40th Anniversary of 1981 battles – Part 3
Our Readers' Opinions
March 19, 2021
40th Anniversary of 1981 battles – Part 3
Part 3

HARDSHIP CAUSES WORKING PEOPLE FIGHTBACK

By the beginning of 1981 life had become more and more difficult for the Vincentian working people. The supposed “balance” between wages and prices had gotten out of hand and the still very colonial economy, now compounded by the ravages of the natural disasters of the two previous years, could not deliver solutions.

While wages remained stagnant, at what one could very well term “starvation wages”, prices, in a very open import-dominated economy kept skyrocketing and wages, given the imbalance in power between workers on the one hand, and the commercial sector and government on the other, unable to even enter the race, much more keep apace.

The local Civil Service Association (CSA), the forerunner of today’s Public Service Union (PSU) , for instance had estimated that the cost of living had increased by 171 percent between 1977 and 1980 alone.

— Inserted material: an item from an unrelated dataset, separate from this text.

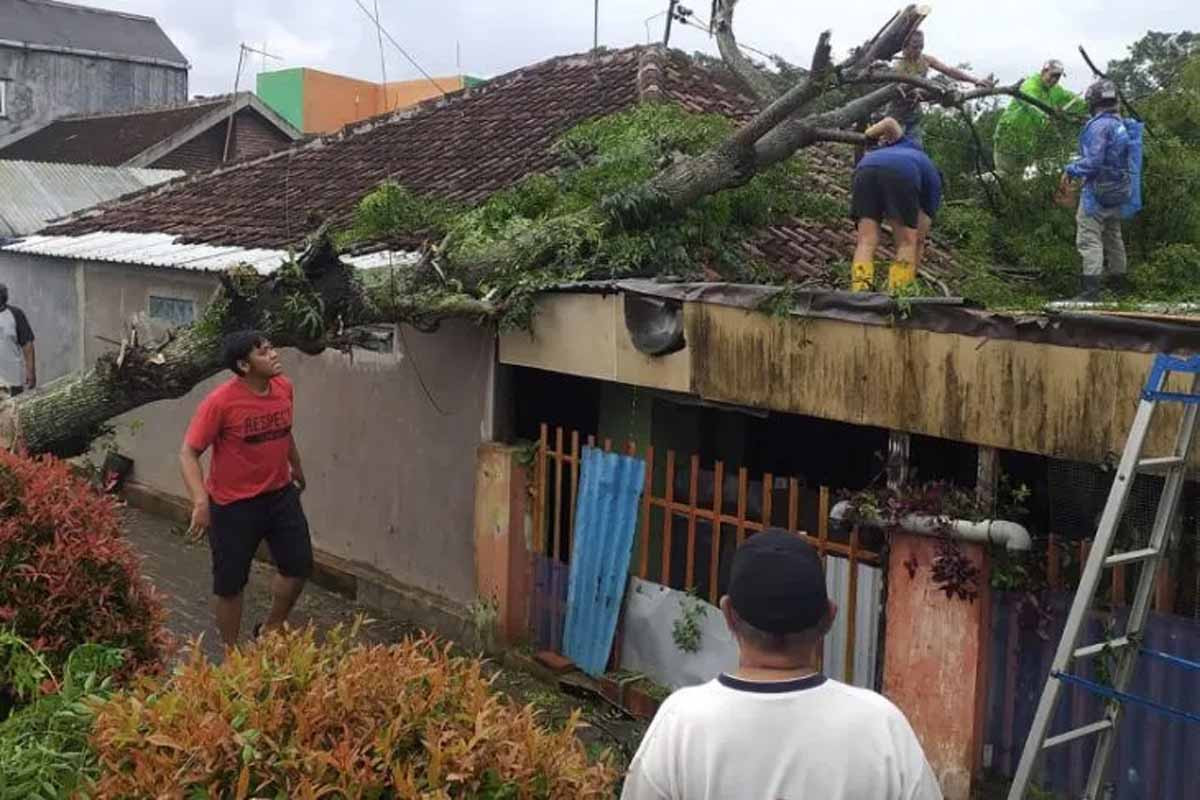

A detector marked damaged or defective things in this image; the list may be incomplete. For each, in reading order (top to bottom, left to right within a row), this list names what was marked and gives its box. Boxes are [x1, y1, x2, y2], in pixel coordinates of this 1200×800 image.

damaged roof [1, 0, 189, 66]
damaged roof [39, 45, 956, 282]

An examination of a list of selected import items between 1970 and 1980 published by the Ministry of Trade revealed the following:

Flour – from 17 c per lb. to 60 c per lb.

Brown sugar- from 15 c per lb to $1.20 per lb.

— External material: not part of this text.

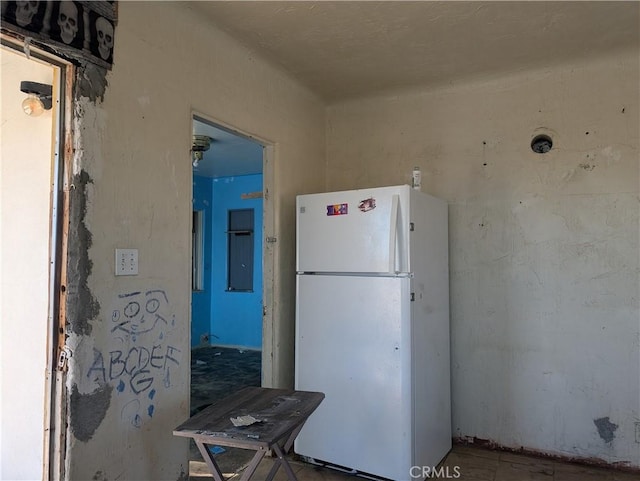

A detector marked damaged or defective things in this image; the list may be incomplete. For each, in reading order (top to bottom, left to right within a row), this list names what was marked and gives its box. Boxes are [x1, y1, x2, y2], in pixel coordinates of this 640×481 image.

damaged wall surface [63, 1, 324, 478]
damaged wall surface [328, 48, 636, 464]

Chicken (back and neck) – 41 c to $1.10

Evaporated milk (14 oz.) – from 42 c per tin to $1.35 Gasolene – from 91 c per gal. to $5.00 per gal.

Kerosene – 56 c per gal to $5.00

This at a time when workers existed on virtually starvation wages and there was no compulsory recognition law to facilitate unionisation of workers and collective bargaining. I was looking through my archives and found a letter from a leading commercial firm in Kingstown dismissing a worker. Note this section of the letter:

“We attach your cheque in final settlement as follows-

Salary to Jan. 5 1981 (1 week) $29.63

Salary 1 month in lieu $200.00

Holiday pay (2 weeks) $100.00

Yes, our young workers should know what their parents had to cope with, $ 200.00 per month.

The government itself was under siege in the still colonial economy, severely damaged by the natural disasters of the two previous years. To its credit, it sought to introduce a programme of industrialisation, or import substitution as it was called, reintroducing the sugar industry and boldly initiating the Diamond Dairy milk plant. However both suffered from problems all too typical of state top-down approaches and inefficiencies and were themselves a source of public ridicule and industrial disputes.

Indeed if one had to characterize the economic atmosphere in early 1981 in SVG, widespread industrial dispute was evident. Trade unions were hamstrung in their wage demands by backward anti-worker legislation and strikes and other forms of industrial action severely affected both the private and public sectors. There were strikes on the then Industrial Estate at Campden Park, at Bottlers Ltd, manufacturers of the famed J-U-C beverages, on opening day at the Mt Bentick Sugar factory, at the state owned public utility, the Central Water Authority and even on the state-owned Richmond Vale Estate in North Leeward. SVG was literally boiling!